On Wed, Jun 9, 2010 at 8:50 PM, Michael Schumacher <schum...@gmx.de> wrote:
> We're currently unable to update the website (if you have a look at the
> index page, even the release announcements aren't up to date).
> Until this is resolved, we won't be able to add, edit or remove anything
> to, on or from www.gimp.org.

After reading this, I have to ask: what?!
I was indeed wondering why the website isn't being updated at all
(release new unstable gimp builds, or at least give some note that
this project is alive).
I think that we can learn a bit from the inkscape website about this -
they update the main page even when it's not to announce about the
release of some XXX stuff. They update the website to inform about
confrences (LGM, SVG Open), about the current status of the project
(we completed XXX, and XXX bugs remain to the next version), and about
major events like Google summer of code (We haven't even announced on
the main website that we are looking for students!).

At least to me, this seems a bit urgent. A project which is being
developed is not going to be used without a way to contact the
"outside" world (in our case, a website).

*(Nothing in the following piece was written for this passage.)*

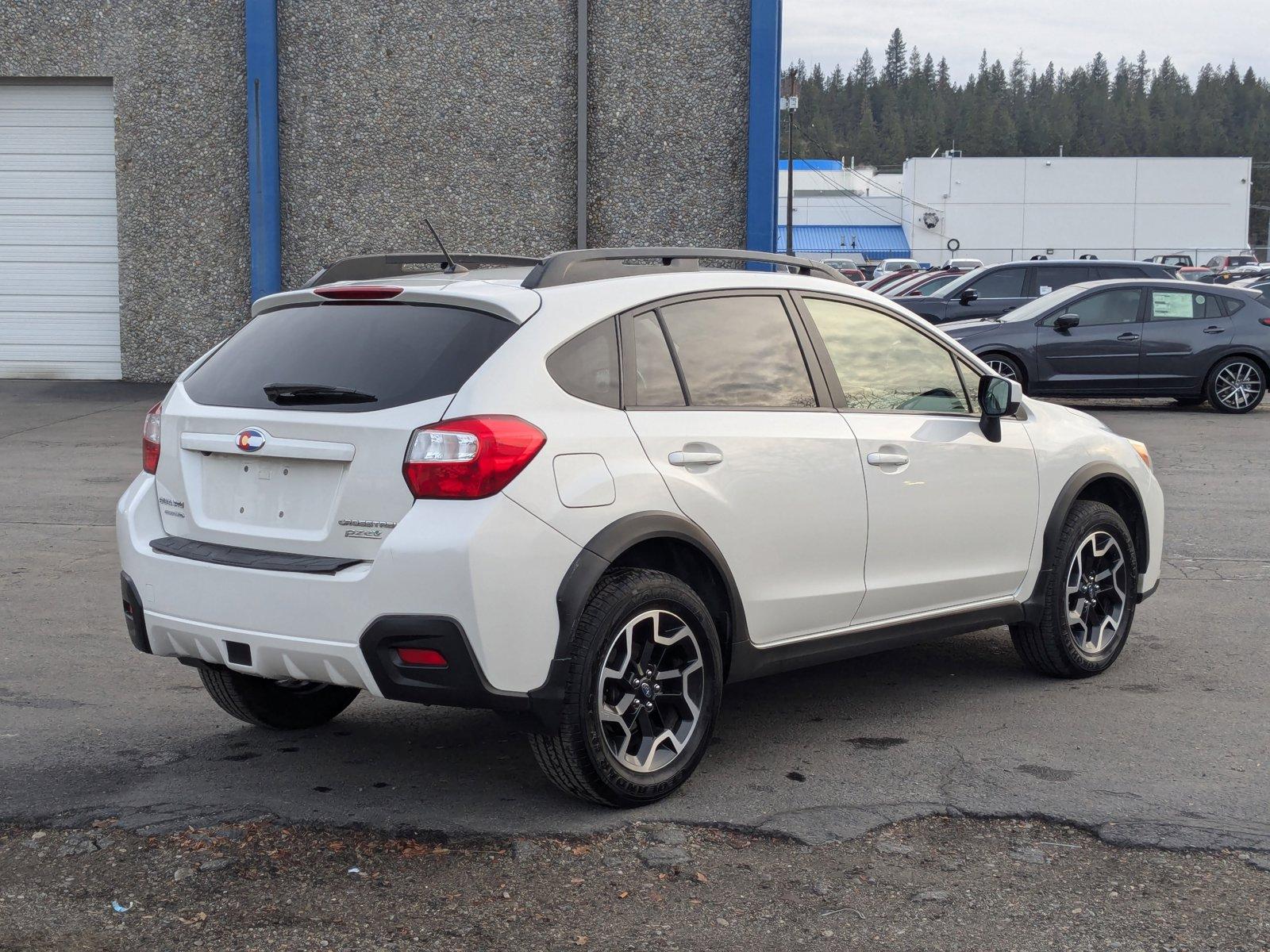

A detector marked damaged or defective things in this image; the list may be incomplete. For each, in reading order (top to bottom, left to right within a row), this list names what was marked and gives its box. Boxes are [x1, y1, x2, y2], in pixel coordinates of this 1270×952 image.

Some of my collegues laugh
at the fact that I try to contribute to GIMP, and say that it's a
waste of time. I do believe that if the project wouldn't have looked
"dead", to people from the outside, for 8 months (this is the period
since the last website update), people would estimate the project
I think that one of the things that can help to make GIMP look better
for the users, is to make them see that something is indeed moving,
and it's undoubtfully should be somewhere on the top TODOs. As
developers, we may live very well without these updates to the main
website, since we work on the projects not because someone is telling
us, but for ourselves. But, we mustn't forget the open-source is also
for the community, and so we should consider the community in our
decisions and TODOs.

For those of you who know the Blender project, and the BlenderNation
website, I do believe that we need some sort of blog/new site which
are connected one to the other. BlenderNation is a community based
site which updates regularly from the developer meetings/notes, and
the offical blender website also shows headlines from blendernation.
The closest thing that I found for GIMP, is http://meetthegimp.org/
which looks pretty good (although I haven't been visiting this site
before, so I can't tell for sure). They do seem to update about
developments and they seem like the most constantly updated website.

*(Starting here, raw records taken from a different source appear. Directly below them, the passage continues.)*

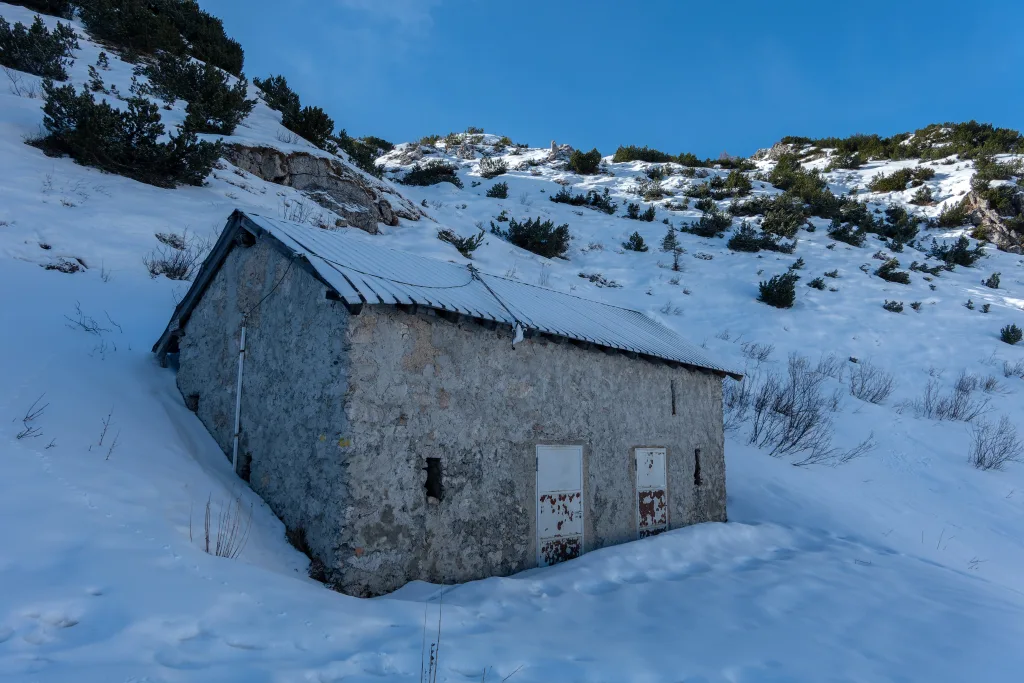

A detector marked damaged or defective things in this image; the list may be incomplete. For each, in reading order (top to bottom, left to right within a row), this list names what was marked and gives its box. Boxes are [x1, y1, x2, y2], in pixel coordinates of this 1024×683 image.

rusty door [536, 444, 585, 565]
rusty door [634, 448, 667, 540]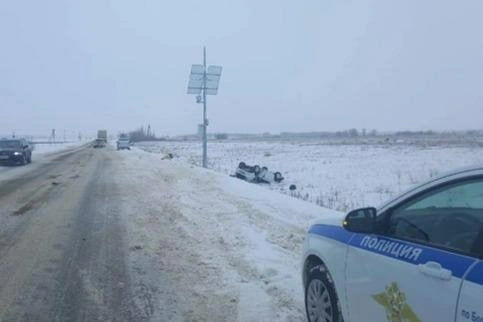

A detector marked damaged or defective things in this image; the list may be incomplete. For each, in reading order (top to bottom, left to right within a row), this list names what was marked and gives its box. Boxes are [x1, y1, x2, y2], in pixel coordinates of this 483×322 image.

crashed car [234, 161, 284, 184]
overturned vehicle [234, 164, 284, 184]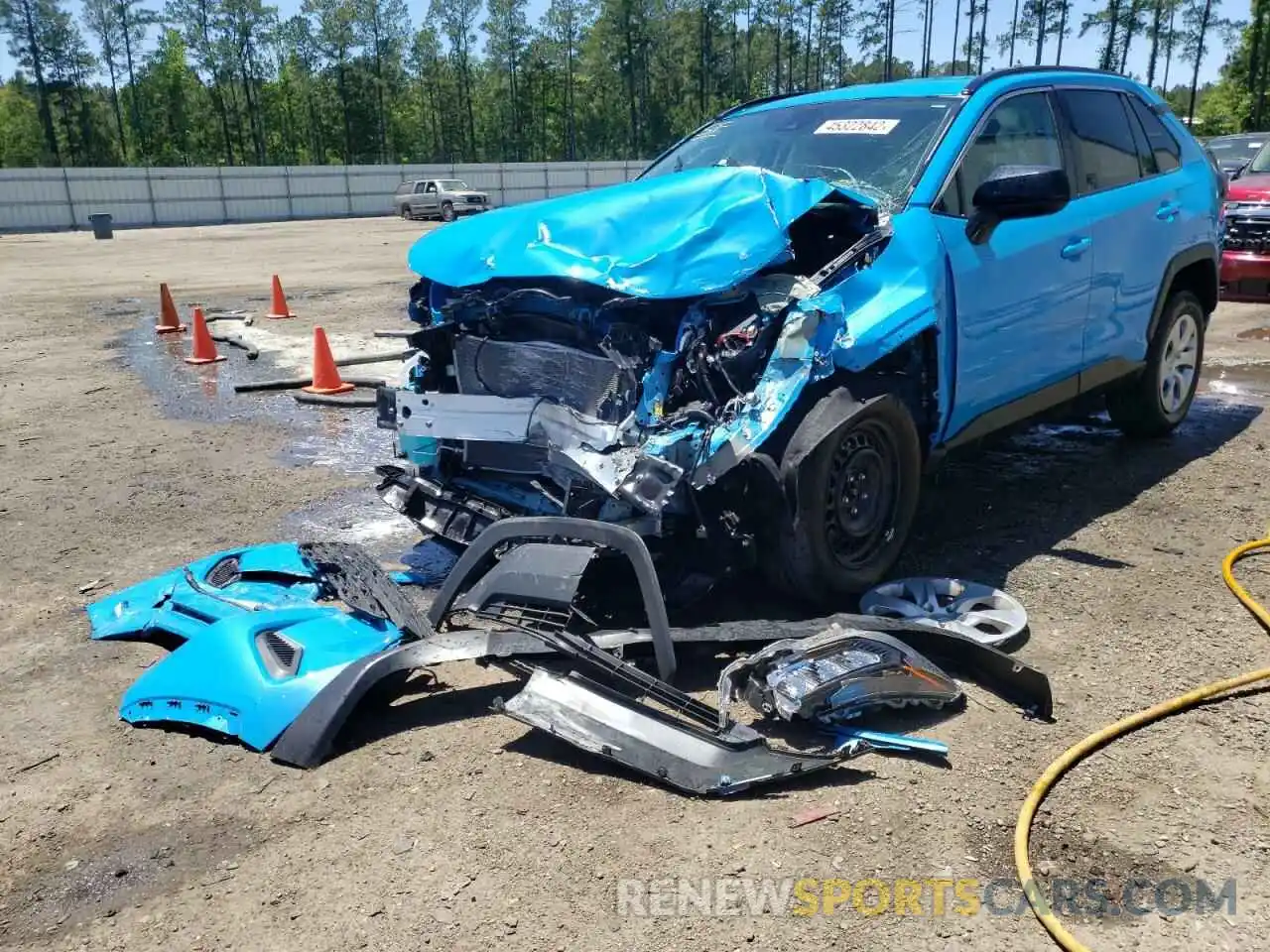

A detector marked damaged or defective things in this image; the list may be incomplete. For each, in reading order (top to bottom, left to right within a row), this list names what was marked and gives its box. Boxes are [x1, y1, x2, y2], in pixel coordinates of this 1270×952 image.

crumpled blue metal [406, 165, 842, 298]
crushed hood [406, 165, 853, 298]
shattered front end [375, 166, 894, 596]
blue damaged suv [375, 66, 1218, 606]
crumpled blue metal [87, 547, 404, 756]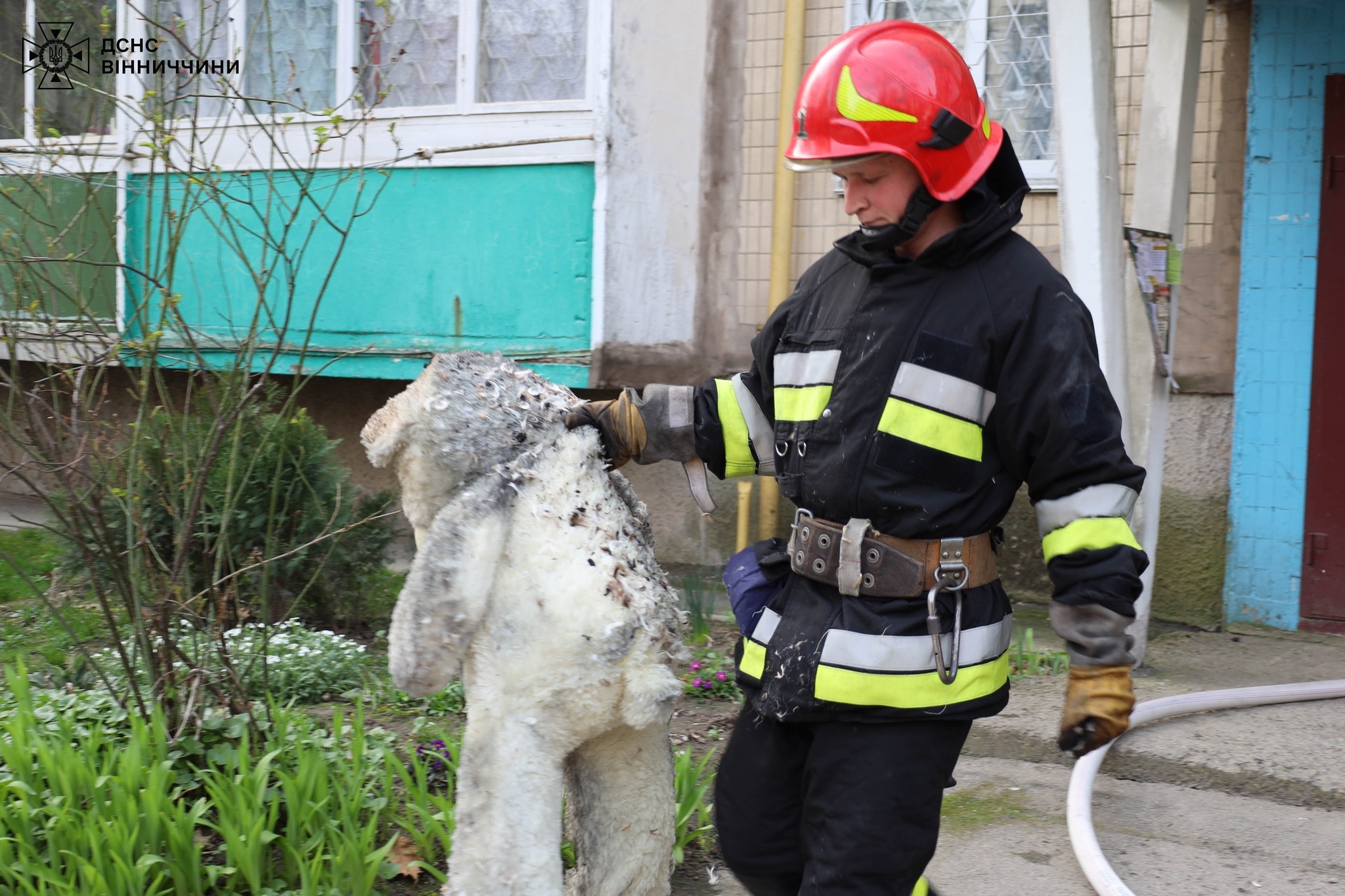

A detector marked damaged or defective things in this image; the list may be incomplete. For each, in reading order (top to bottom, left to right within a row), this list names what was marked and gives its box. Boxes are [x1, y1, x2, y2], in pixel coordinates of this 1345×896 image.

charred stuffed animal [360, 352, 683, 896]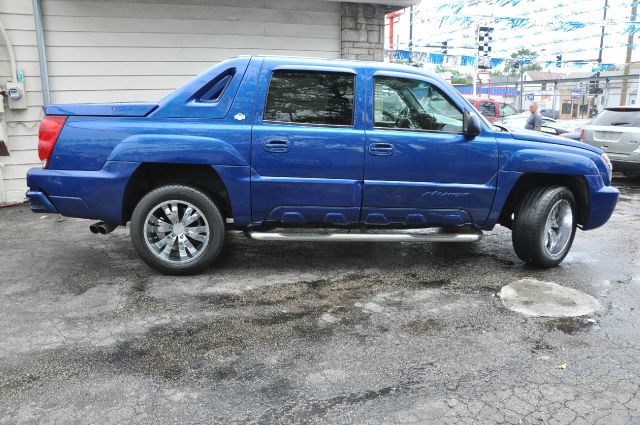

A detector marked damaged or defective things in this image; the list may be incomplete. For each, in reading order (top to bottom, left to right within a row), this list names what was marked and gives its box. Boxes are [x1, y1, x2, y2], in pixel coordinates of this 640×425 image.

cracked pavement [1, 174, 640, 422]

Seriously, updating the website should be somewhere at the top of the
TODO list (not the most important, but definetly important). Alexandre
Prokoudine mentioned something about someone who wants to update the
website, and we also received some suggestion to the mailing list a
few weeks ago. I also am willing to contribute content to the new
website when it'll be set up (my web-development skills do need more
polish before I can actually contribute to build a new webste).